Receiving certification from the Compliance Officers through the Utah Department of Agriculture is one of the most difficult steps any food entrepreneur faces. But in order to sell in stores and most farmers markets, it’s a necessity that anyone with a dream of owning their own food or farm business must endure.
I hear the lamentations of makers throughout Utah, most gripes are about all of the rules and hoops they the State makes them jump through are “never-ending”.
The regulations include:
- sink requirements
- stainless steel surfaces and easily cleanable surfaces everywhere;
- grease traps;
- drains and disposal of potentially hazardous materials;
- ventilation and hoods,
- electricity: outlets as well as voltage and amp requirements
- food handling safety requirements: hair nets, gloves, hand-washing stations
- food sanitation procedures
These massive lists appear daunting for potential entrepreneurs when they considering taking their great recipe, food product or farm/garden produce to the next level for sale to the broader public.
Still, It was quite an opportunity to go behind the scenes and see how a meeting is actually conducted among Compliance Officers for the Department of Agriculture. We were invited to attend by Laurie Seron from Utah’s Own. She invited us to have some pizza and a short meeting in their boardroom to listen in.
Utah’s Own is the marketing and outreach arm of the Utah Department of Agriculture, their goal is to put their logo on as many Utah Made food products as possible indicating regulatory compliance, good business practices, and quality as well as to encourage more Utahns to shift their spending to locally-produced food.
Helping Small Businesses
Inside we were heard from Travis Waller the Regulatory Services Division Director, as well as several other compliance officers. Travis was telling his team how important it is to, “not be condescending when telling a business owner about a violation.” And how using tact and actually encouraging business owners to get their operations in compliance is of the utmost importance. Travis offered an example:
One business owner who he recently visited had not realized the requirement for a three-basin sink to be in compliance with the law. He had done some other electric requirements and was working toward being compliance. “At that point, I could have shut him down over the sink, but I chose to work with him instead…I said, ‘I’ll give you six weeks to get the correct sink in place, but it needs to be here when I get back.’” When he returned the sink was replaced and the business owner was grateful to have a bit of leeway.

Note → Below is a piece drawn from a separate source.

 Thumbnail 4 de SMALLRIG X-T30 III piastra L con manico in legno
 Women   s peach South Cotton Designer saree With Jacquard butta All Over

He said that not all compliance officers are as tactful as they should be and this is the main message he is trying convey, “to not be condescending, because many of these people have put their entire life savings and everything they have into their businesses, and we should be aware of how hard they are working with often little resources.”
It was very nice to hear this, coming from someone who possesses the power and authority to completely ruin someone’s day and business aspirations.
We at the Made in Utah Festival would like to collect more maker experiences with Utah Department of Agriculture compliance officers to help smooth over the process of getting certified by the State of Utah. This then qualifies any food producer to become a member of Utah’s Own, which also would enable the maker to be compliant to attend our events.
Utah’s Own now offers a product photography studio for all members. Membership is only $25-$50 for the year, and it’s clear that Laurie, who is the current Director of Utah’s Own, has a passion for her job. Laurie built up her own brand of tortilla chips and it’s obvious through her work with not only Utah’s Own but through pushing forward a central Utah Farmers Food Hub, that she wants to see Utah’s food and product makers succeed.